Only the lines from the one containing "農企業進入資本市場必要性 1.便利籌措中長期資金 2.增加公司知名度、吸引優秀人才" through the end of the data below should be copied, each exactly as written and with both ends kept.

[Opening Data for the task section]

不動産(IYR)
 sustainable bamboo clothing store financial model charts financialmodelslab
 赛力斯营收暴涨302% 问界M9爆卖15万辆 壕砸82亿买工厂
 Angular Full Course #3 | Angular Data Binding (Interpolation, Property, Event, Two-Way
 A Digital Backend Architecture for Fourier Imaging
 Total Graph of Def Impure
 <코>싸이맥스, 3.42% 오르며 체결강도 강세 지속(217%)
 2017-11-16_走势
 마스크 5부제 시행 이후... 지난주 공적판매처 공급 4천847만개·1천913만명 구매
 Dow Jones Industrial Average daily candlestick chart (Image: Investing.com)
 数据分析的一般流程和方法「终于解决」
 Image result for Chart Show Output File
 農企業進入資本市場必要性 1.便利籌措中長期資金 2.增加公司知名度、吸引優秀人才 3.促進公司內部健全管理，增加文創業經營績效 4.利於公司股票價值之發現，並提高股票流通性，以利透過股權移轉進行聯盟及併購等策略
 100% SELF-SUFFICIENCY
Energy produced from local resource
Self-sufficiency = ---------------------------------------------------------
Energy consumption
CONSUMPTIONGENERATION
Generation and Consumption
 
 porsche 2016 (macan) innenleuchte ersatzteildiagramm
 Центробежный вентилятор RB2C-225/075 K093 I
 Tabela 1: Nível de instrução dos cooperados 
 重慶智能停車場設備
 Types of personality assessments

[Closing Data for the task section]

--- Exercise result ---
 農企業進入資本市場必要性 1.便利籌措中長期資金 2.增加公司知名度、吸引優秀人才 3.促進公司內部健全管理，增加文創業經營績效 4.利於公司股票價值之發現，並提高股票流通性，以利透過股權移轉進行聯盟及併購等策略
 100% SELF-SUFFICIENCY
Energy produced from local resource
Self-sufficiency = ---------------------------------------------------------
Energy consumption
CONSUMPTIONGENERATION
Generation and Consumption
 
 porsche 2016 (macan) innenleuchte ersatzteildiagramm
 Центробежный вентилятор RB2C-225/075 K093 I
 Tabela 1: Nível de instrução dos cooperados 
 重慶智能停車場設備
 Types of personality assessments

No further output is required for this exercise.